Wir Deutschen sind wohl das große Volk der Kritiker. So sagte schon Christian Friedrich Hebbel:

Es gibt Leute, die nur aus dem Grund in jeder Suppe ein Haar finden,

weil sie davorsitzen und so lange mit dem Kopf schütteln, bis eins hineinfällt.

Christian Friedrich Hebbel

Und so ist es doch! Immer wenn es etwas zu tun gibt, fangen wir sogleich an zu schauen und zu prüfen, was uns an der Sache nicht passt, was unserem Ziel im Wege steht und warum das Vorhaben zum Scheitern verurteilt ist. Doch machen wir uns nichts vor: häufig definieren wir uns über die Kritik, über das Haar, das wir in der Suppe finden. Stolz heben wir das Haar heraus und zeigen allen, was wir da Tolles aufgespürt haben. Und zugleich fluchen, schimpfen und wettern wir über das Haar sowie über seine möglichen Besitzer. Ah! Wie das befreit! Wie das belebt!

Das Haar fesselt unsere ganze Aufmerksamkeit. Oft verblasst dahinter das Interesse an der Suppe – sie wird kalt und schließlich schütten wir sie weg. Oder es ist nur eine fade Brühe, die wir missmutig auslöffeln.
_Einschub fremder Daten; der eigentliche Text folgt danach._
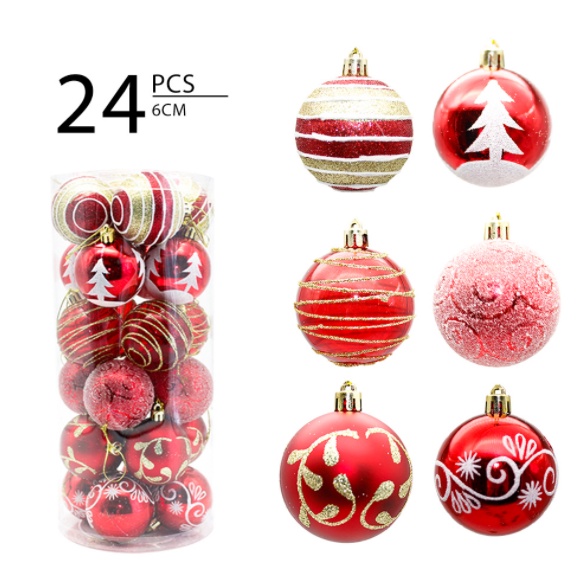 Hộp 24 quả châu 6cm trang trí cây thông Noel, trang trí giáng sinh Ánh Kim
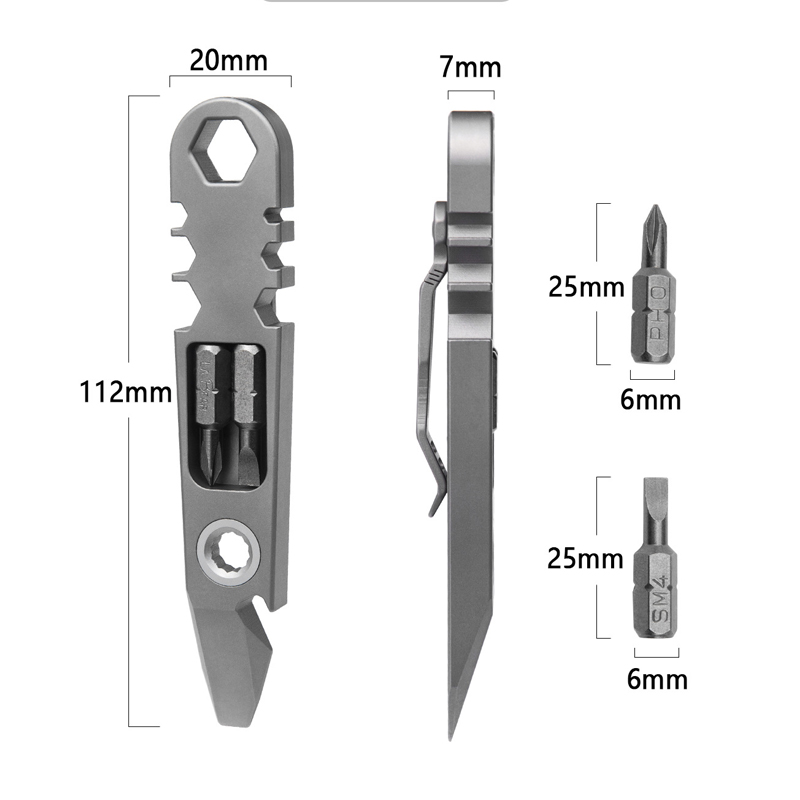 Titanium Pry Bar - 屋外用ポータブルEDC多機能チタン合金プライバー、クイックラチェットドライバー、修理ツール、栓抜き、釘抜き
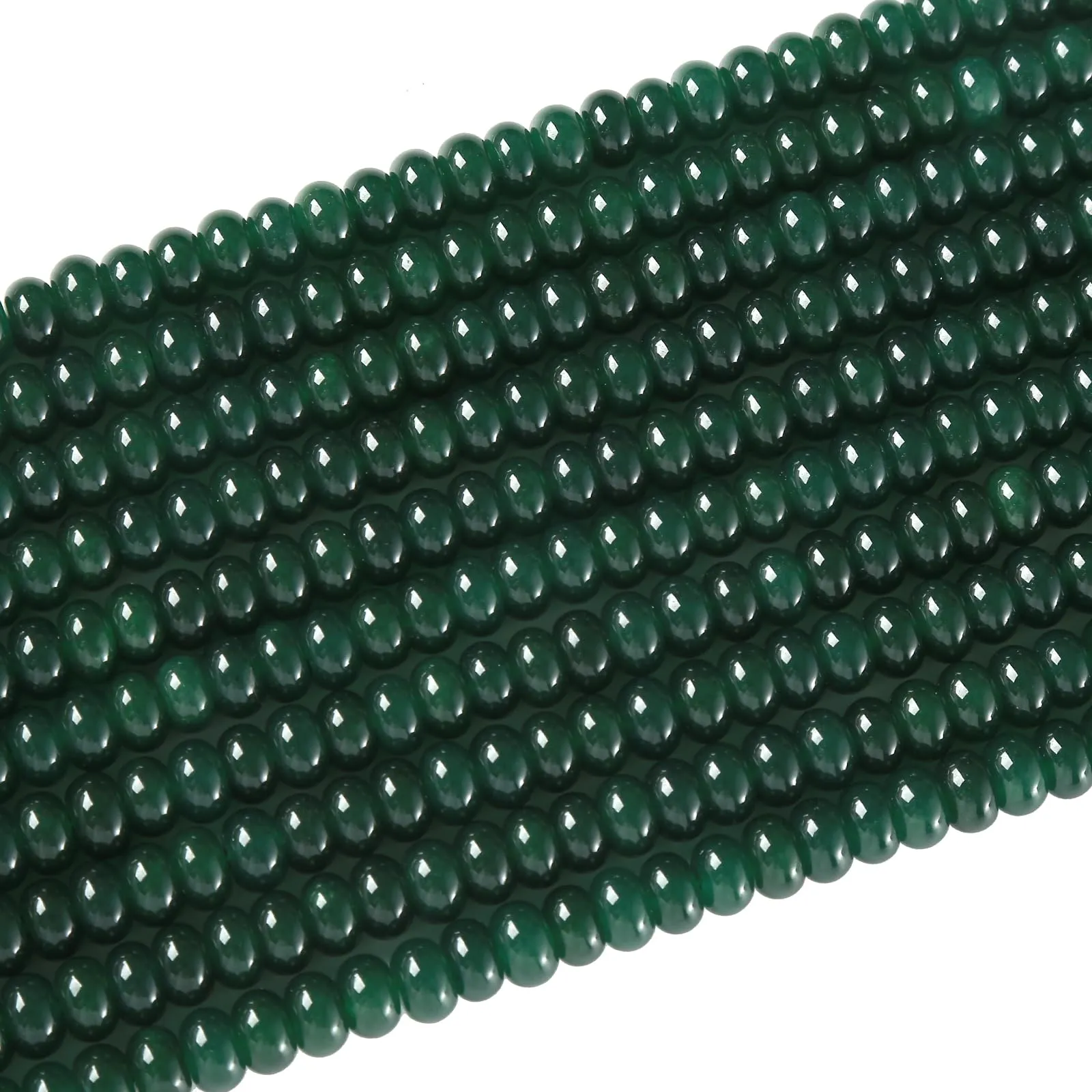 ZXYMLZI 76 Perline Distanziatrici in Giada Naturale Verde Scuro, 5 x 8 mm - immagine 4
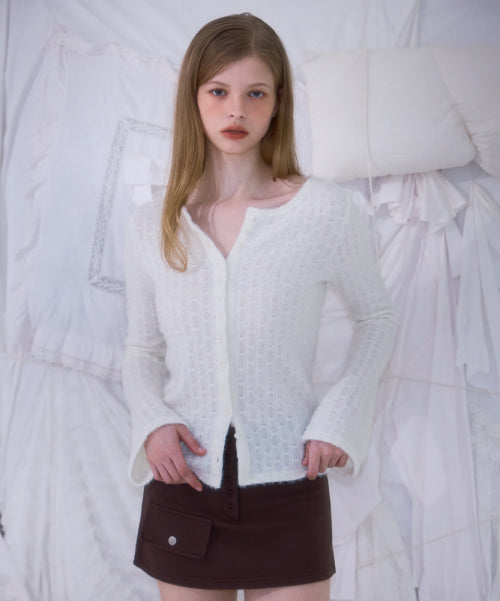 Hairy Slim Fur Cardigan [Ivory]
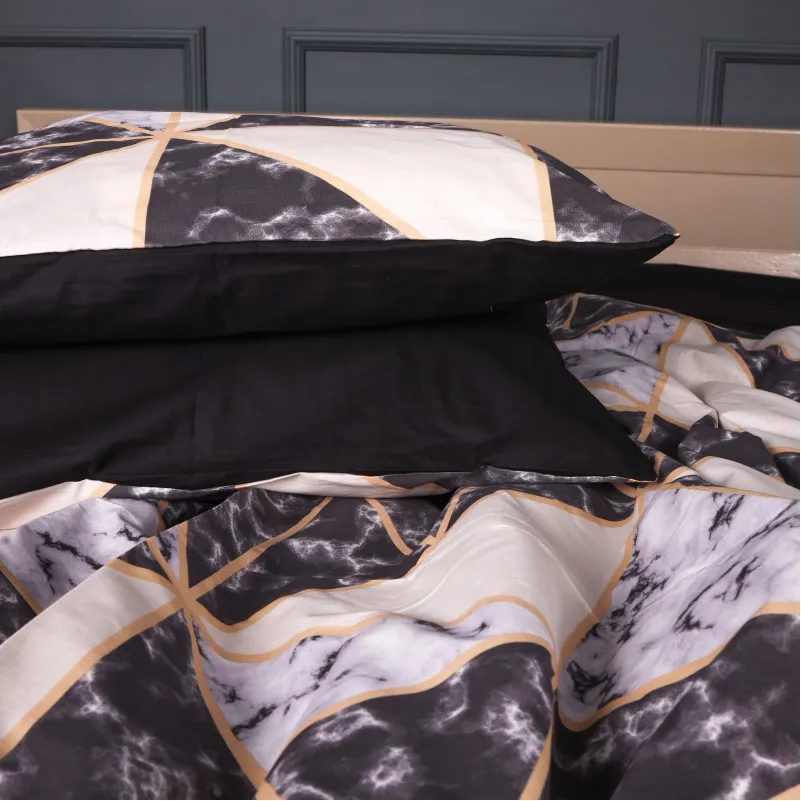 Комплект постельного белья Ranforce Elite 17-0693 Marbe Black Blocks - 4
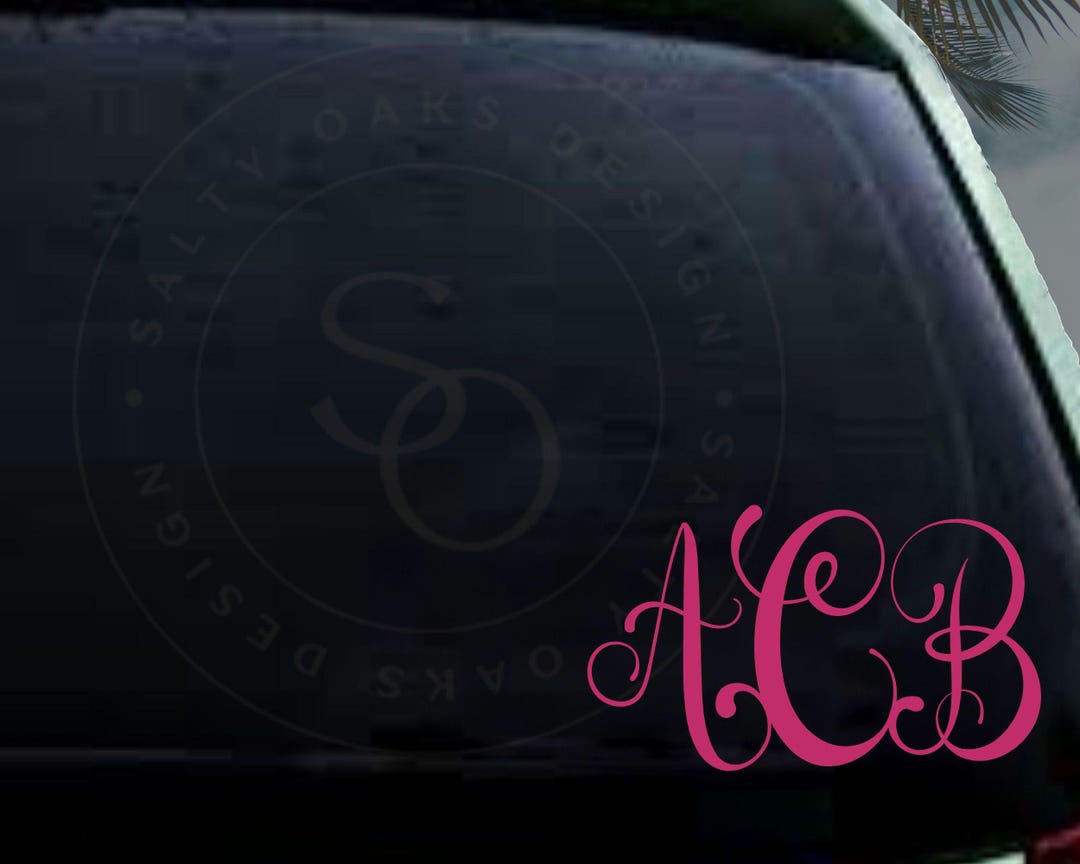 Personalized Vine Script Monogram • Custom Decal for Car, Laptop ...
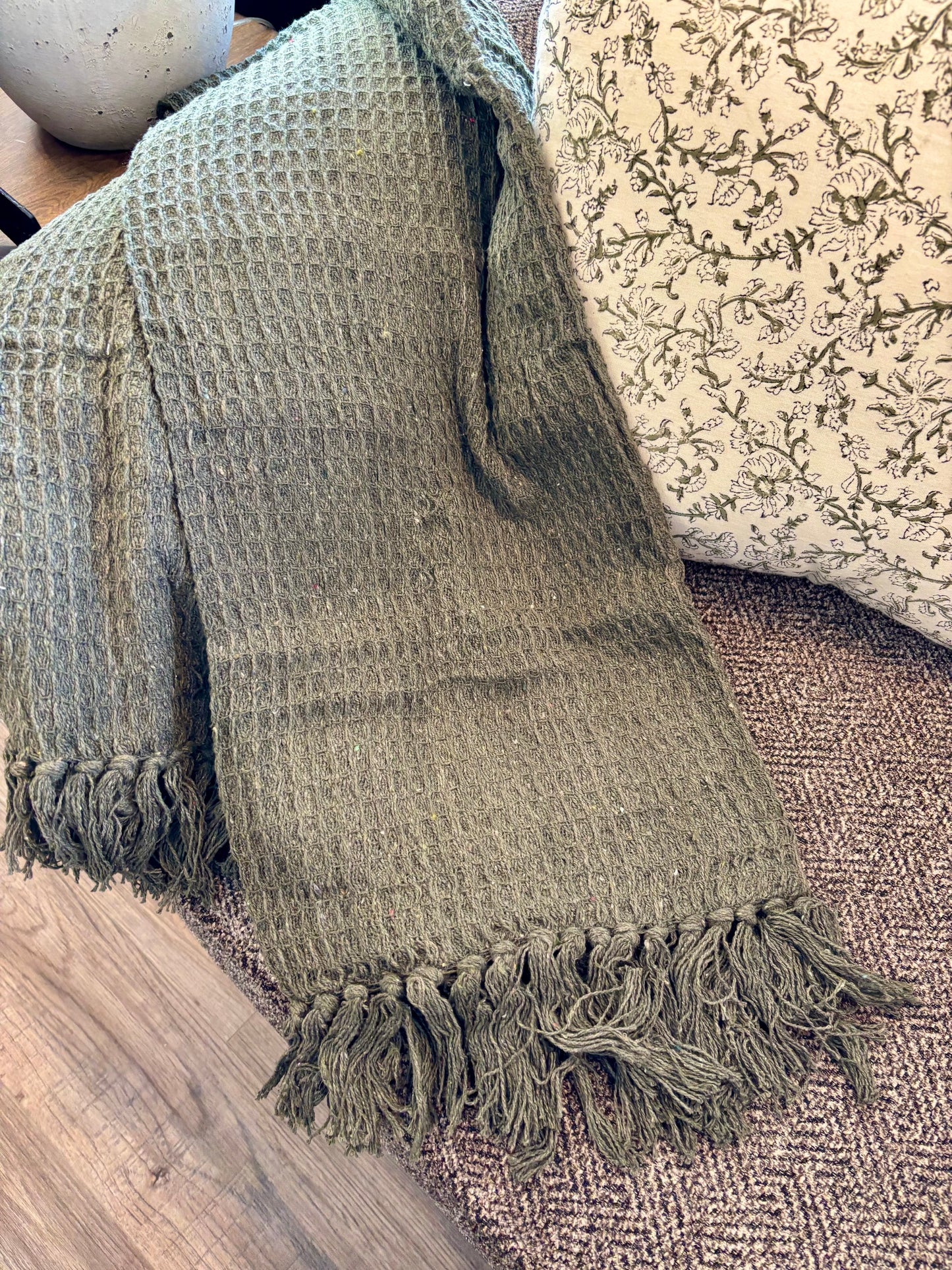 Green Textured Waffled Throw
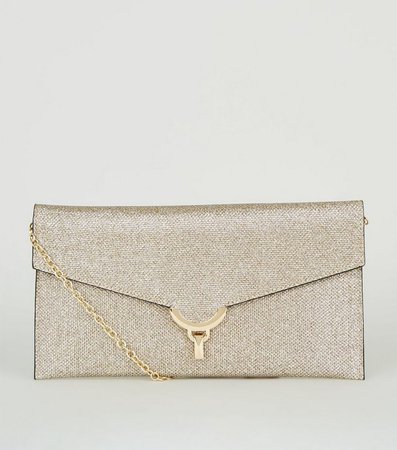 Gold Glitter Clutch Bag | New Look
Dabei ist das Haar eigentlich gar nicht so wichtig, sondern es geht doch darum, dass eine ordentliche Suppe auf den Tisch kommt! Nur wie kommen wir dahin? Wie können wir unser Interesse in das stecken, was wir wirklich wollen – also in die Suppe und nicht in das Haar?

Wie kriegen wir eine leckere Suppe auf den Tisch?

Zuerst braucht es einmal das Vertrauen, dass wir selbst mit unseren eigenen Möglichkeiten eine gute Suppe kochen können. Dabei sind unsere ersten Versuche als Suppenkoch meistens noch nicht von Erfolg gekrönt. Doch indem wir jetzt nicht an der Kritik oder dem schlechten Resultat verzweifeln oder uns einschüchtern lassen, fragen wir uns voller Zuversicht weiter: wie ist die Suppe zu verbessern? Wir probieren dies. Wir probieren das. Wir prüfen das Resultat und fragen uns wieder: wie können wir die Suppe noch schmackhafter machen? Schritt für Schritt gelingt uns die Suppe immer besser. Wir schöpfen unser eigenes Rezept für eine leckere Suppe.

Und finden wir jetzt doch ein Haar in der Suppe, so lassen wir uns die Suppe und unsere gute Laune dadurch nicht vermiesen, sondern fischen das Haar heraus, legen es schweigend auf den Tellerrand und genießen weiter das Essen.

Indem wir unsere Energie in das stecken, was wir wirklich wollen, schaffen wir Schritt für Schritt unsere eigenen Lösungen – sei es etwa beim Kochen einer leckeren Suppe, doch, seien Sie gewiss, das funktioniert auch bei anderen Fragen des Lebens.